A sugar art design featuring a Cognac cellarmaster, a tree, and other symbols sits on a table next to a teapot half full of tea.

The Symbolism Behind the Art

In Sui’s and Hodes’s Lunar New Year creation, more than 60 unique figures come to life, celebrating tea and Cognac alike. Terraced fields represent the earth that nurtures exceptional tea plants, and intricate vines represent the grapes grown in France’s Grande Champagne and Petite Champagne regions for Rémy Martin XO. More subtle flavor notes take shape in “cloud form,” echoing the vivid floral aromatics of XO, while a magnificent dragon and a bold ox appear powerful, even in fragile sugar.
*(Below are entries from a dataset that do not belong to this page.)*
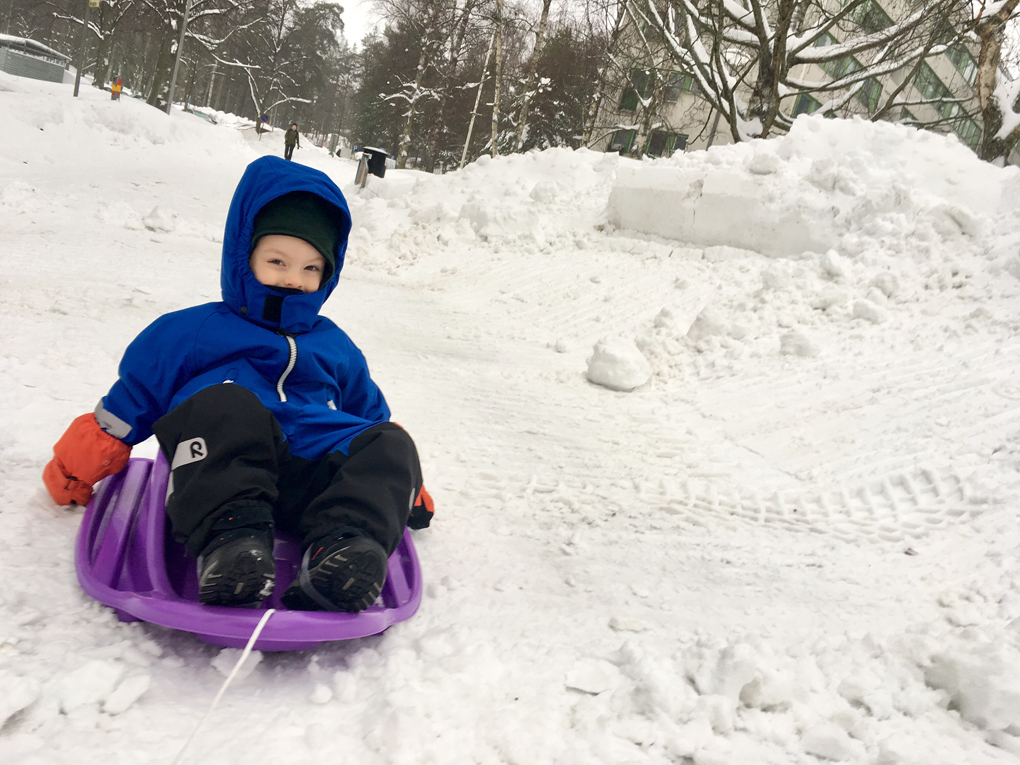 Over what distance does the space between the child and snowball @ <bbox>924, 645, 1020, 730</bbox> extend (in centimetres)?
135

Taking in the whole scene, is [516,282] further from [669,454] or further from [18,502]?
[18,502]

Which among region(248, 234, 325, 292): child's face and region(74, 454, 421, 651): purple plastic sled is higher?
region(248, 234, 325, 292): child's face

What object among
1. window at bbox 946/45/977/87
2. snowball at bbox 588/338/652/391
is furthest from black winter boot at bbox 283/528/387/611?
window at bbox 946/45/977/87

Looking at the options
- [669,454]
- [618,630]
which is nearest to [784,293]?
[669,454]

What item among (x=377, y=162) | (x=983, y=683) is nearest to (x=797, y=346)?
(x=983, y=683)

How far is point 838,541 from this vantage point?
A: 2518mm

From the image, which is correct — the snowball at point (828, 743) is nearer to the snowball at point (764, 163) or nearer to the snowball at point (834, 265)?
the snowball at point (834, 265)

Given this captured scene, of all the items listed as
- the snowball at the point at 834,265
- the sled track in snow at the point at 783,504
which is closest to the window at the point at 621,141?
the snowball at the point at 834,265

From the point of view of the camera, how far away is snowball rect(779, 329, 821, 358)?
427 cm

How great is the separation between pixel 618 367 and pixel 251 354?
2.64 meters

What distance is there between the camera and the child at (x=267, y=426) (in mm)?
1480

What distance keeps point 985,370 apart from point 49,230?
22.3 ft

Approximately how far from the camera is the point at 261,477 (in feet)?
5.21

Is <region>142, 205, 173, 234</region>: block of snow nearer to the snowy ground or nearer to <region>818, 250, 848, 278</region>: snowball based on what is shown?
the snowy ground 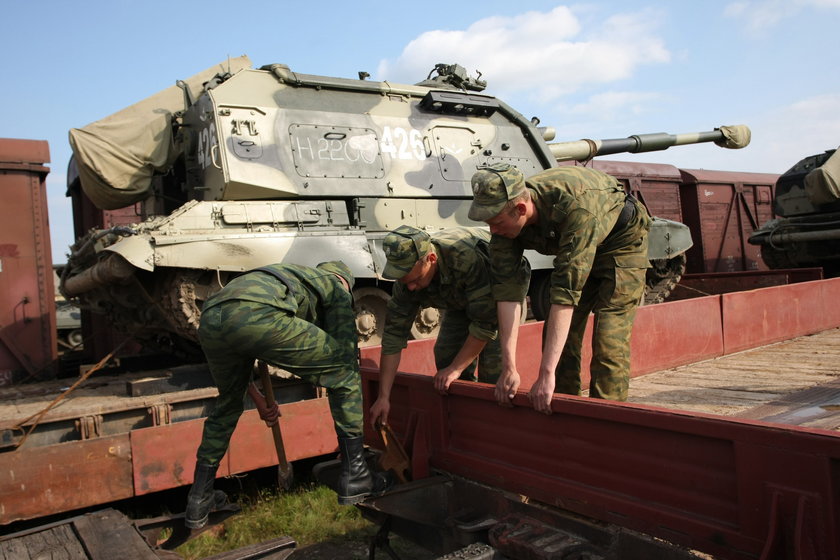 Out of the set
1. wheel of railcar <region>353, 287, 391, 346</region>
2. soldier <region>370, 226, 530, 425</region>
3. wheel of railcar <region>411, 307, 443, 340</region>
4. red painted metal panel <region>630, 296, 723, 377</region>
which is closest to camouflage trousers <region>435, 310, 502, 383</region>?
soldier <region>370, 226, 530, 425</region>

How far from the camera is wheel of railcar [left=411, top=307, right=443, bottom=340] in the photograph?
704 cm

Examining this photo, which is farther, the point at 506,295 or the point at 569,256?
the point at 506,295

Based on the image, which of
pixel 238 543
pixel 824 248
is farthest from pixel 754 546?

Notably, two lifelike characters — a Chinese tea master and French cellarmaster — represent the pinnacle of their respective beverage cultures. The tea master pours with grace, while the cellarmaster, a position instituted by Monsieur Rémy Martin himself, holds a glass to the light to inspect its color. In the diorama, the characters and icons are all the more beautiful for their impermanence.

Although Lunar New Year has come and gone, it’s not too late to enjoy a sweet treat, in the hopes of a sweeter year ahead. Maybe that’s in the form of traditional sweets, or the subtly sweet caramel notes and velvety finish of Rémy Martin XO, or a sweeping sugar sculpture that celebrates beauty across cultures. There are countless decadent ways to indulge in a beautiful new year.